Make pubmed your friend.


----------



## korey (Apr 25, 2006)

PubMed is nice and all, but I'd rather read personal accounts before I read case studies.

So with that said...Keep the replies coming, people!


----------



## SADLiath (Aug 5, 2005)

I've never taken it, but my dad used to.

He used to call it Neu-ROTTEN because all it did was eat money.


----------



## Pistachio (Aug 1, 2006)

The thing that gets me about this drug is that it is not metabolized. Drug goes in one end and comes out the other unmodified. So for those it does work on, how in the hell does it actually work? There are studies showing it's effectiveness as an anticonvulsant and analgesic, as well as it's well known sedative effects, but no one knows how it actually gets anywhere in the body.

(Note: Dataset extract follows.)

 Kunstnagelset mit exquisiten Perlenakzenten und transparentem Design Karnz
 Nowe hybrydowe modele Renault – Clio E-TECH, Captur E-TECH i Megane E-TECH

Thankfully, it does help my insomnia and with my insurance coverage it's a minimal cost per month, but I sure would like to know what it actually does.


----------



## workman (Mar 5, 2004)

It looks like it is going to get approval for SA. It is in like phase III trials.


----------



## Caedmon (Dec 14, 2003)

Pistachio said:


> The thing that gets me about this drug is that it is not metabolized. Drug goes in one end and comes out the other unmodified. So for those it does work on, how in the hell does it actually work? There are studies showing it's effectiveness as an anticonvulsant and analgesic, as well as it's well known sedative effects, but no one knows how it actually gets anywhere in the body.
> 
> Thankfully, it does help my insomnia and with my insurance coverage it's a minimal cost per month, but I sure would like to know what it actually does.


It is a sort of amino acid. It is absorbed in the gut. It just isnt' filtered by the liver or kidneys... it either goes through the BBB or it gets peed out. I think. Does someone know more? (Please say yes.)


----------



## korey (Apr 25, 2006)

Maybe we should look into how Lyrica works in order to take a guess at how Neurontin works. I assume more is known about Lyrica and its method of action since it's a scheduled substance. I'm probably wrong, though.


----------



## Caedmon (Dec 14, 2003)

korey said:


> PubMed is nice and all, but I'd rather read personal accounts before I read case studies.


Your original question was in regards to efficacy. Efficacy is something that is established through empirical study, not anecdotes.


----------



## UltraShy (Nov 8, 2003)

Caedmon said:


> Efficacy is something that is established through empirical study, not anecdotes.


Paxil has empirical studies that the FDA found impressive enough to approve it for treatment of SA. Xanax lacks so much study and lacks FDA approval for SA. Which works better for most people?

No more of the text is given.